Proof-of-work systems such as hashcash and Penny Black require that a sender pay a computational cost by performing a calculation that the receiver can later verify. Verification must be much faster than performing the calculation, so that the computation slows down a sender but does not significantly impact a receiver. The point is to slow down machines that send most of spam—often millions and millions of them. While every user that wants to send email to a moderate number of recipients suffers just a few seconds' delay, sending millions of emails would take an unaffordable amount of time. This approach suffers when sender maintains a computation farm of their own or from zombies.

== Bonds or Sender-at-risk ==

As a refinement to stamp systems is the method of requiring that a micropayment only be made (or some other form of penalty imposed) if the recipient considers the email to be abusive. This addresses the principal objection to stamp systems: popular free legitimate mailing list hosts would be unable to continue to provide their services if they had to pay postage for every message they sent.

In 2004 Bill Gates announced that Microsoft was working on a solution requiring so-called “unknown senders”, i.e. senders not on the Accepted List of the recipient to post “the electronic equivalent of a” stamp whose value would be lost to the sender only if the recipient disapproves of the email. Gates said that Microsoft favors other solutions in the short-term, but would rely on the contingent payment solution to solve the spam problem over the longer run.

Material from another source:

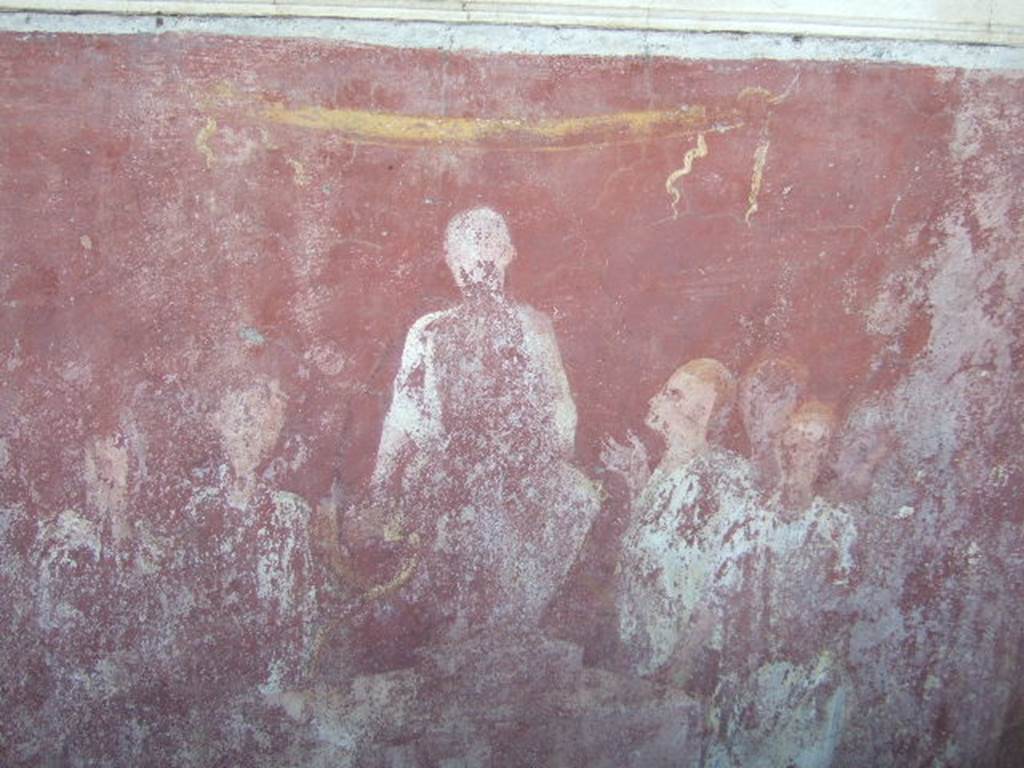 VGJ Pompeii. May 2006. Inner tomb east wall. Painting of seated aedile. Engelmann describes this as “the young dignitary (aedilis) in his character of justiciary sitting on a podium; around him several men, of which the one at his right devoutly looks up at him and lifts his right hand.” See Engelmann, W., 1929. New Guide to Pompeii: Second Edition. Engelmann. (p. 55).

Microsoft, AOL as well as Yahoo! have recently introduced systems that allow commercial senders to avoid filters if they obtain a paid or pre-paid certificate or certification, which is lost to the sender if recipients complain.

This approach suffers when a user initially signs up for a legitimate mailing list, but then later decides they do not want to receive the e-mail any further. Lazy users will simply click the "This is Spam" button on their e-mail client, rather than going through the formal unsubscription process that is detailed at the bottom of each message. The end-user gets the same effect either way, but without realizing the consequences that the list host may now face. However, companies now implementing the penalty approach when certifying (and withdrawing certification from) commercial senders have learned to account for this problem by setting appropriate complaint thresholds.

The intent of all such "sender-at-risk" solutions, which impose a significant cost to the sender only if the recipient rejects the message subsequent to receiving the email, is to deter spam by making it economically prohibitive to send unwanted email messages, while allowing legitimate emailers to send messages at little or no expense.

== Suing spammers ==

Anti-spam activist Daniel Balsam attempts to make spamming less profitable by bringing lawsuits against spammers. While this approach is financially sustainable for the activist, it is questionable whether it actually reduces spam, either for the activist or for anyone else.